Below are some entries. Return exactly the lines from the one with "Genç sarışın kadın" through the final line, leaving out any pictures.

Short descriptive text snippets
-*-
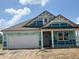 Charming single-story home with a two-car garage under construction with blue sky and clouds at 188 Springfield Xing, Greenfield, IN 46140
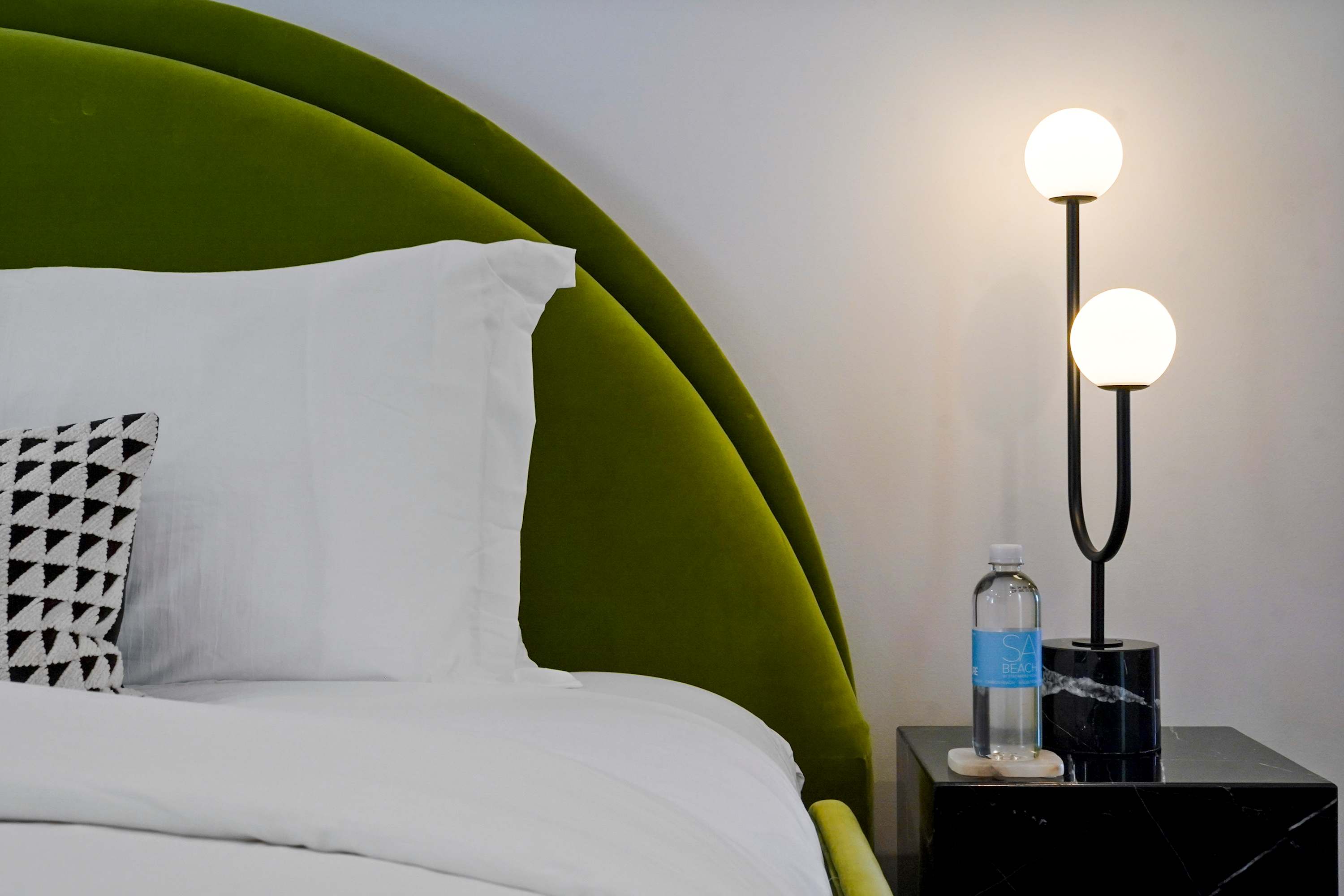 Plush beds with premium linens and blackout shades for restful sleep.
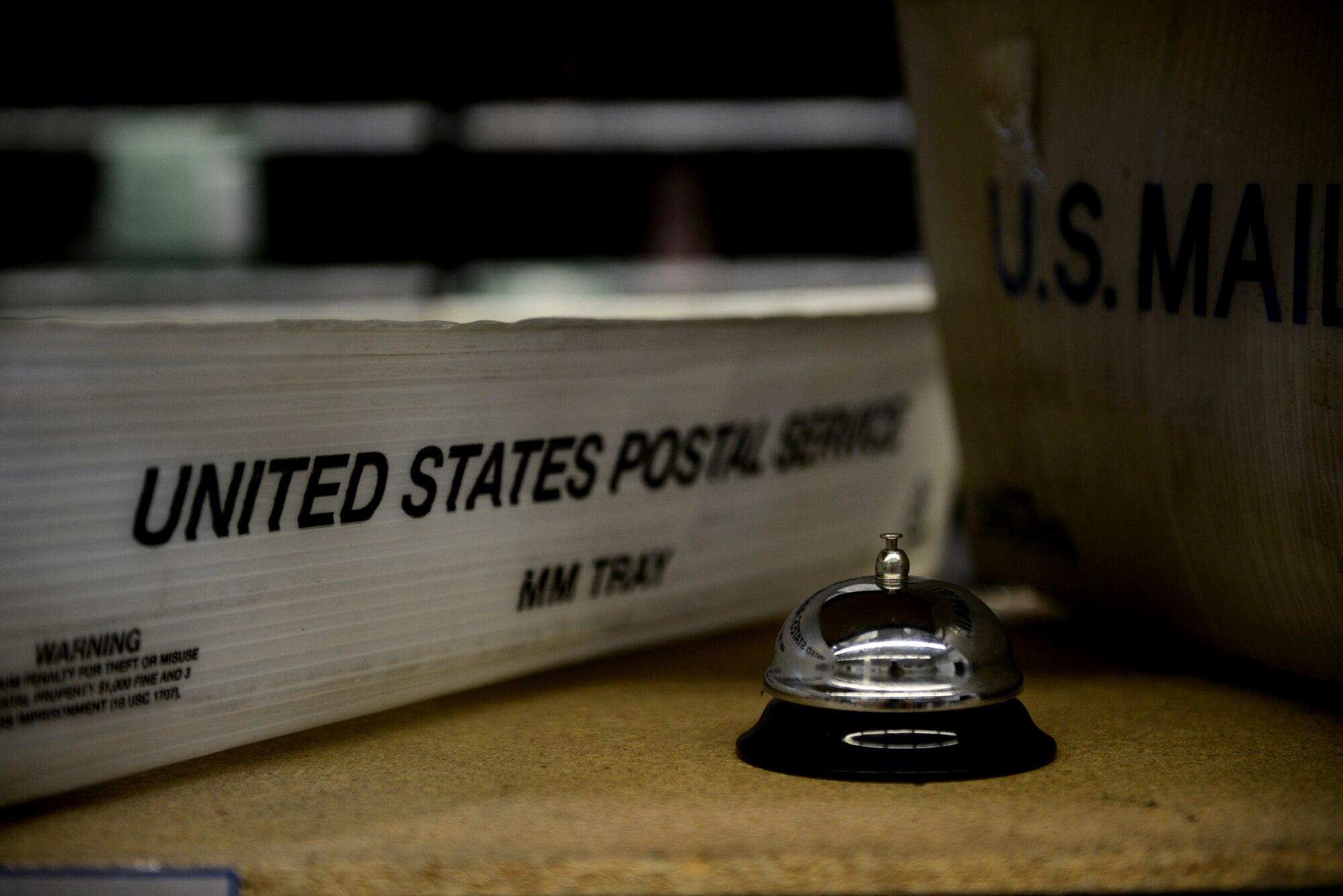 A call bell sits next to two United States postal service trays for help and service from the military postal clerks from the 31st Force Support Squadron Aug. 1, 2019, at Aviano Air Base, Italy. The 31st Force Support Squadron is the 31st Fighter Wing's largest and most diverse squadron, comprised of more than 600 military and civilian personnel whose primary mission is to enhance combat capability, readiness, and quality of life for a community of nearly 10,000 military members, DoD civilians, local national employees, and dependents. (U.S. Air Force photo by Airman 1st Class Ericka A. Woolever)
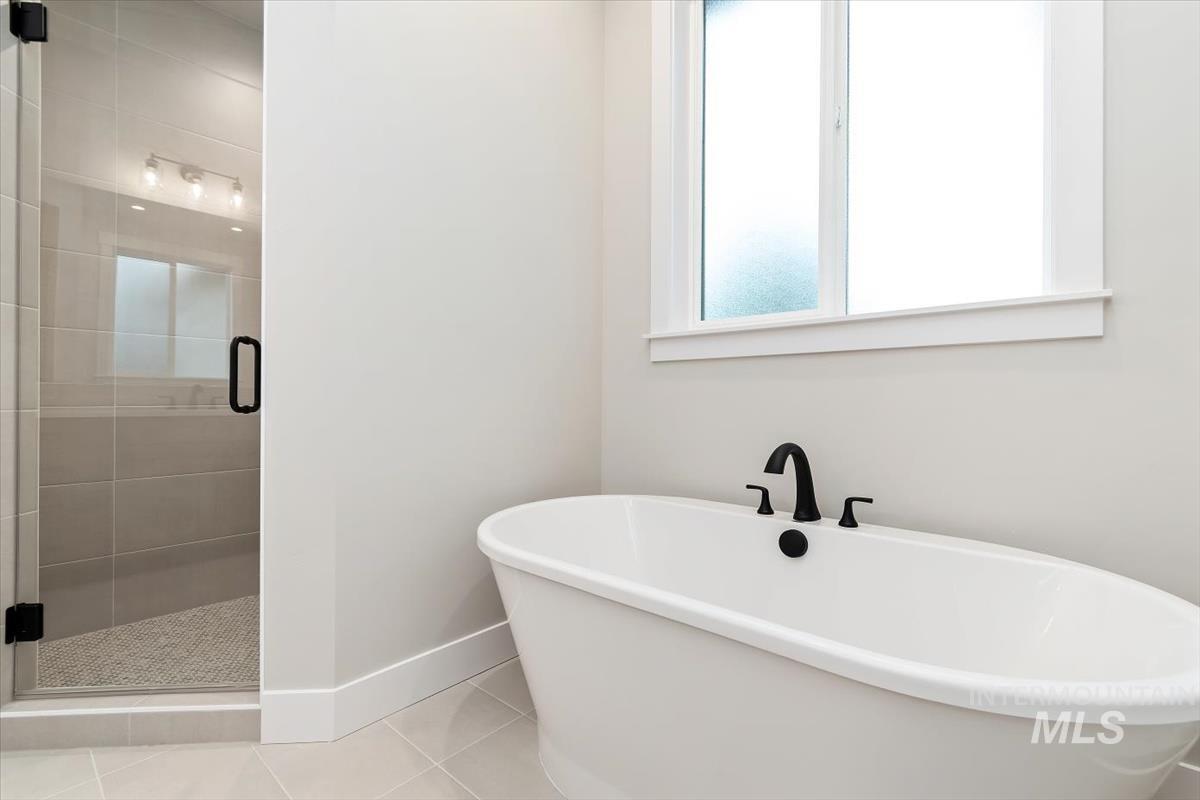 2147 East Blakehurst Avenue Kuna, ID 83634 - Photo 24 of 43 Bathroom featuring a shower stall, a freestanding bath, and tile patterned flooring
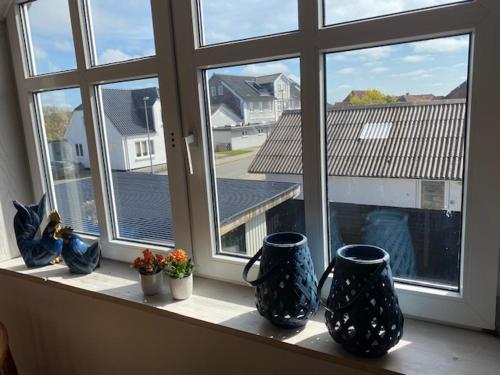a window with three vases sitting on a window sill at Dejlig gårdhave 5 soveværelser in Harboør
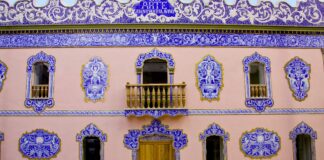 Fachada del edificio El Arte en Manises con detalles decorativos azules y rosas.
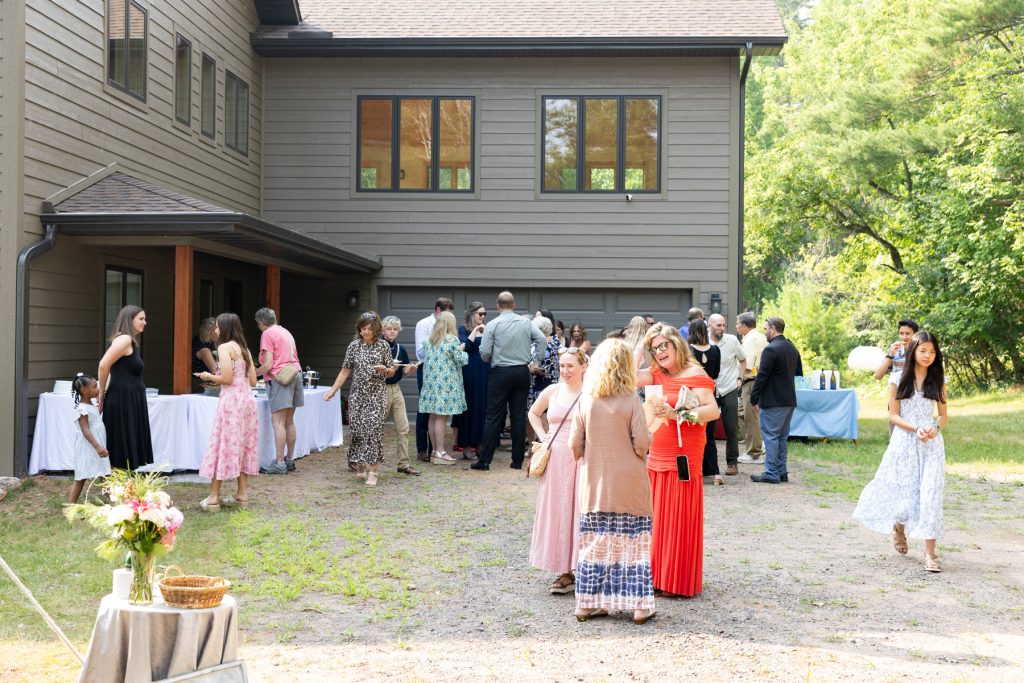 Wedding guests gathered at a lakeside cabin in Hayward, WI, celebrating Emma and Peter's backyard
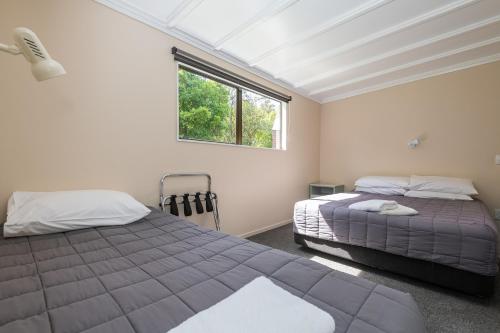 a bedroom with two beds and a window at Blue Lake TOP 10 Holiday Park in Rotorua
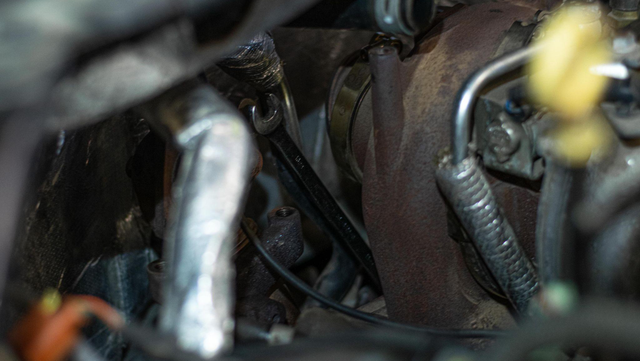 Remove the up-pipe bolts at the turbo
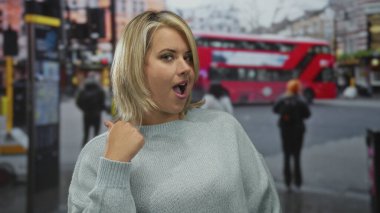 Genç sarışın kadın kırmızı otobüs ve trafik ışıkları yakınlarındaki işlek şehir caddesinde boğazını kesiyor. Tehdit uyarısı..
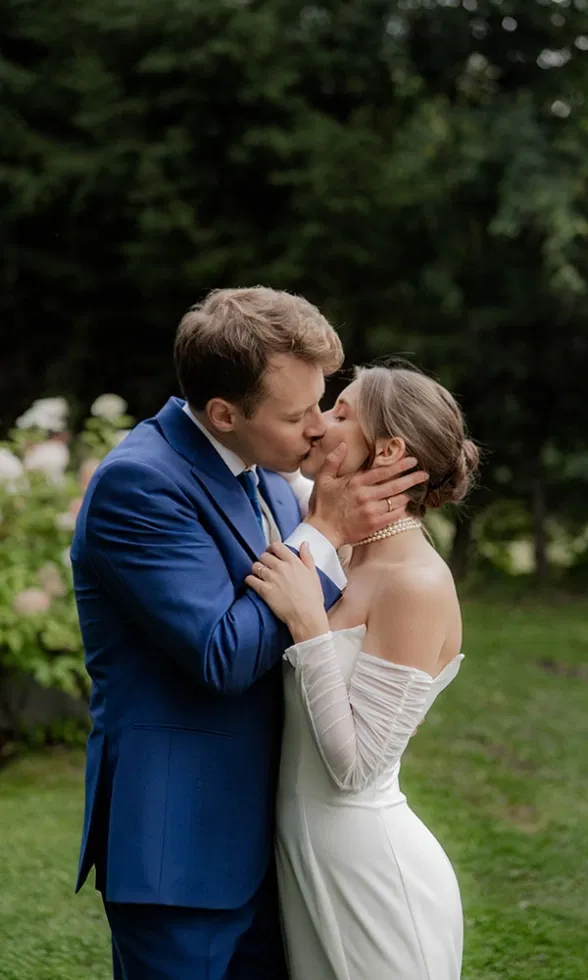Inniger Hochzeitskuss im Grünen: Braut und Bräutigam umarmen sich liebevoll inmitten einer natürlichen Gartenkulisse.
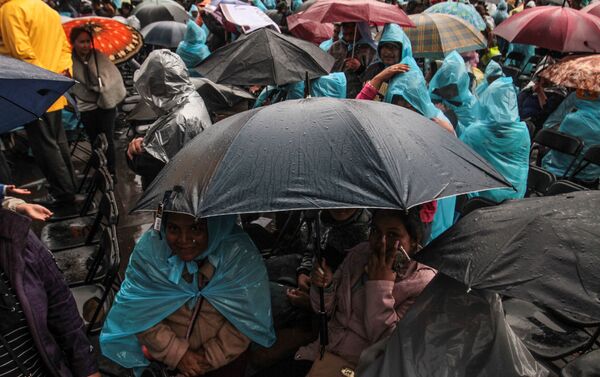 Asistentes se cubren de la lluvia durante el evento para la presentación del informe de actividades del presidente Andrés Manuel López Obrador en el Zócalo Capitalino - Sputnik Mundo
-*-
- Answer section:
 Genç sarışın kadın kırmızı otobüs ve trafik ışıkları yakınlarındaki işlek şehir caddesinde boğazını kesiyor. Tehdit uyarısı..
Inniger Hochzeitskuss im Grünen: Braut und Bräutigam umarmen sich liebevoll inmitten einer natürlichen Gartenkulisse.
 Asistentes se cubren de la lluvia durante el evento para la presentación del informe de actividades del presidente Andrés Manuel López Obrador en el Zócalo Capitalino - Sputnik Mundo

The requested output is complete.